» **Given information**:
_ _ _ _ _

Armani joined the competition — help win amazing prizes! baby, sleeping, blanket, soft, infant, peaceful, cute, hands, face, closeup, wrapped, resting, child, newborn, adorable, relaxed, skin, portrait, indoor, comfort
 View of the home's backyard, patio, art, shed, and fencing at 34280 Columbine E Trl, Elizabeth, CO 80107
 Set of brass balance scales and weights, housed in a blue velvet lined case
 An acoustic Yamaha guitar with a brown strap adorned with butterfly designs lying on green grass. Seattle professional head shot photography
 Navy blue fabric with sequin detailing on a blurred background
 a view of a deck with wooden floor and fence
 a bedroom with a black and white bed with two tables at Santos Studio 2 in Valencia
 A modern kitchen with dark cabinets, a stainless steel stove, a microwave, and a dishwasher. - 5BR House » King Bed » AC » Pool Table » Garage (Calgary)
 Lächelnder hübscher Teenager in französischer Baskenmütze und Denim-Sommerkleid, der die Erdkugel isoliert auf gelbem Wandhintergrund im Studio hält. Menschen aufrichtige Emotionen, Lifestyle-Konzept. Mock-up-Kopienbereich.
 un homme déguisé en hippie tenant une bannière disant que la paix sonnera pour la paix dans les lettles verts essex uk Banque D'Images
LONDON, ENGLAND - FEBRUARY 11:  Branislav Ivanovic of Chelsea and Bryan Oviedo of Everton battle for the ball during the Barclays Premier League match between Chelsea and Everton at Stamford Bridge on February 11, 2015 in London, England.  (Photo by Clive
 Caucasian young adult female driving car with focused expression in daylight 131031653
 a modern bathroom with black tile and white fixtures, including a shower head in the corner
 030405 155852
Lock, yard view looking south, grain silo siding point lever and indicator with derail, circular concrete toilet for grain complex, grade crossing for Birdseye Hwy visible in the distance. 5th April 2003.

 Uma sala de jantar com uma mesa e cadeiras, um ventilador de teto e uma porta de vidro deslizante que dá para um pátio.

_ _ _ _ _

» **Task brief**: Go back to the listing above. Copy word for word the lines from the one with "An acoustic Yamaha" through the one with "LONDON, ENGLAND - FEBRUARY", and nothing more.

» **Completed exercise**:
 An acoustic Yamaha guitar with a brown strap adorned with butterfly designs lying on green grass. Seattle professional head shot photography
 Navy blue fabric with sequin detailing on a blurred background
 a view of a deck with wooden floor and fence
 a bedroom with a black and white bed with two tables at Santos Studio 2 in Valencia
 A modern kitchen with dark cabinets, a stainless steel stove, a microwave, and a dishwasher. - 5BR House » King Bed » AC » Pool Table » Garage (Calgary)
 Lächelnder hübscher Teenager in französischer Baskenmütze und Denim-Sommerkleid, der die Erdkugel isoliert auf gelbem Wandhintergrund im Studio hält. Menschen aufrichtige Emotionen, Lifestyle-Konzept. Mock-up-Kopienbereich.
 un homme déguisé en hippie tenant une bannière disant que la paix sonnera pour la paix dans les lettles verts essex uk Banque D'Images
LONDON, ENGLAND - FEBRUARY 11:  Branislav Ivanovic of Chelsea and Bryan Oviedo of Everton battle for the ball during the Barclays Premier League match between Chelsea and Everton at Stamford Bridge on February 11, 2015 in London, England.  (Photo by Clive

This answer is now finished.